Among the lines of the records, count those containing the word "avec", then give the number alone.

*Caption-style text data*.
* * * *

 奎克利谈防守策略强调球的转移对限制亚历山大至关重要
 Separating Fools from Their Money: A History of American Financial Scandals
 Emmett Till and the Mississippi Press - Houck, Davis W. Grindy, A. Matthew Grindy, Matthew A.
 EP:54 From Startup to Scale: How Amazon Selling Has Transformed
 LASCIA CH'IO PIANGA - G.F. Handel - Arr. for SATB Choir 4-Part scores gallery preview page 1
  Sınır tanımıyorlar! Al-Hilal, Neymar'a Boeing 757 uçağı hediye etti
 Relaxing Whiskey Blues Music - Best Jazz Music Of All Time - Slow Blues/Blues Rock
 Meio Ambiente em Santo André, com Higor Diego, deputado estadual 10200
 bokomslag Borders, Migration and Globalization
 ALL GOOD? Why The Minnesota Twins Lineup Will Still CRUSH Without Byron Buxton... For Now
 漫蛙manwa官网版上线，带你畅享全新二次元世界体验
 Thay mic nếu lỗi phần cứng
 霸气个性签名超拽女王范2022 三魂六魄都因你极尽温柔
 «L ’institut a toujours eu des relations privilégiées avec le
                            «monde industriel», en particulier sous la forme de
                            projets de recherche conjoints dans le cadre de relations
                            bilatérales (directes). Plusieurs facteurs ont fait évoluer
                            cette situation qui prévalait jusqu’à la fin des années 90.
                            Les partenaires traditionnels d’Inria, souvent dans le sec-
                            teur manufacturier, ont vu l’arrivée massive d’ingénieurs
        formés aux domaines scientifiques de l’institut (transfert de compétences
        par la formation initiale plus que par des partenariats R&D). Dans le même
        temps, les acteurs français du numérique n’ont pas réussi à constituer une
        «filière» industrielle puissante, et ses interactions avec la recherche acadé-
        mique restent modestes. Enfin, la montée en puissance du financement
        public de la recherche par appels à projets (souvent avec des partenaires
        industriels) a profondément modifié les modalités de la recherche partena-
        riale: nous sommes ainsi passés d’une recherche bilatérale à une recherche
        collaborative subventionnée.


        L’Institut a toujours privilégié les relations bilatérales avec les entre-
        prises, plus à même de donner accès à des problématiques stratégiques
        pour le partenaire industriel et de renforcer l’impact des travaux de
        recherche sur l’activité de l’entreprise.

* * * *

*EXERCISE RESPONSE*. 4